Saturday, September 19, 2009

Sleeping Like a Baby


I sleep like a baby these days.  I wake up every two hours crying and demanding food.  Right now, for added fun, I'm battling sinus headaches.  Usually the act of chewing will help clear things up for a bit.  So, not only does food quiet my stomach, it also helps my head.  Usually.  Tonight is bad.  Tonight I wonder how much one little decongestant can hurt.  I mean, really.  But no.  If I give in now, by the end of my pregnancy I'll be washing down my vicodin with Jack Daniels after smoking a pack of Camels, filters removed.  Then I'll really sleep.

Being pregnant is more or less what I expected, save for the crazy hunger.  I have no tolerance for pain and am pretty much a Nance, so I never could see myself as one of them gals that "glows" and has a cute little tummy.  Nope, to hear and see me when I wake up you'd think I was about to birth the baby tomorrow.  I come staggering into work looking like I had a bit too much fun the night before.  I run through a catalog of foodstuffs in my mind trying to figure out what sounds least repulsive.  Even eggs, which have slightly less flavor than white bread, frequently make my stomach turn.

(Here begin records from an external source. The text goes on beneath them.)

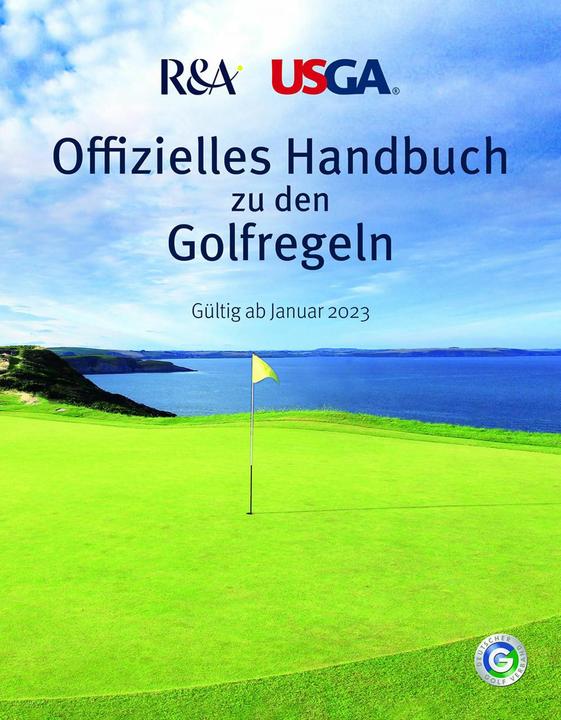 Actual product image Official Handbook to the Rules of Golf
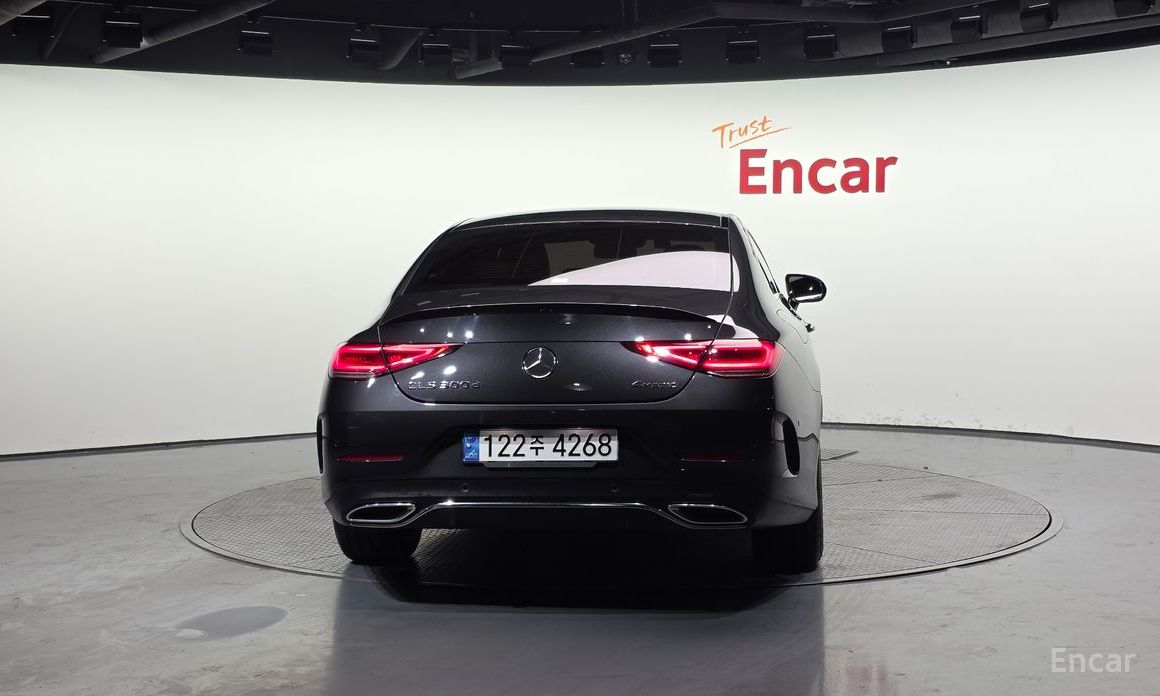 2022 Mercedes-Benz CLS III (C257) Рестайлинг CLS300d 4MATIC с пробегом 20 561 км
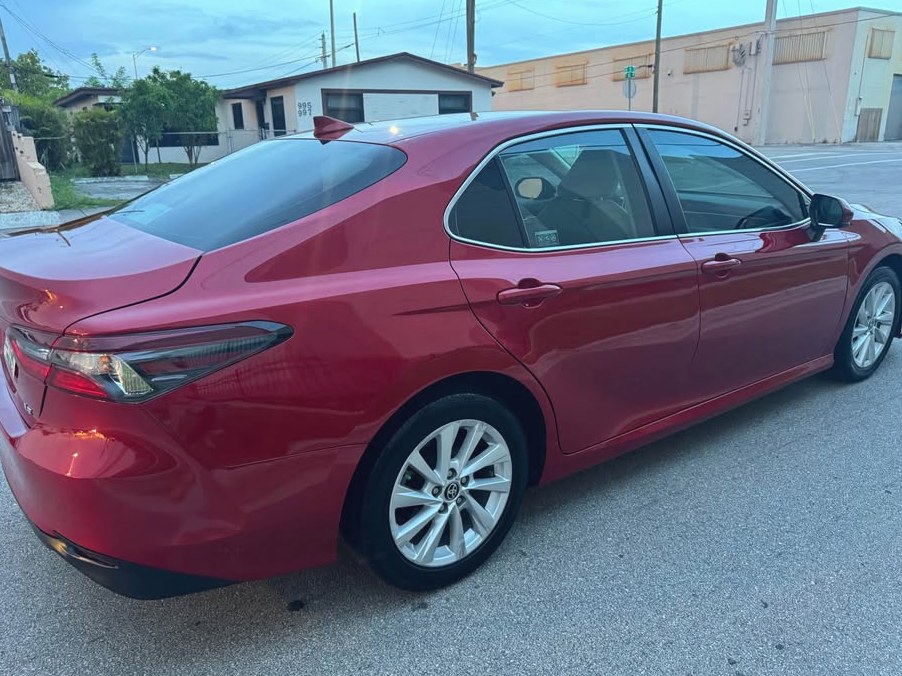 2024 Toyota Camry LE Sedan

I keep trying to remind myself that it's all worth it.  I'm sure I'll come around.  Once I hear the heartbeat and see the first blobby images on the ultrasound will reinforce that yes, this is due to a little one growing inside me.  Right now I don't feel pregnant.  I don't feel moving.  I'm not showing.  It's still a little abstract.  And someday when I have an elbow in my ribcage and foot on my bladder I'll wax nostalgic for these days.  I guess I just need to appreciate where I am.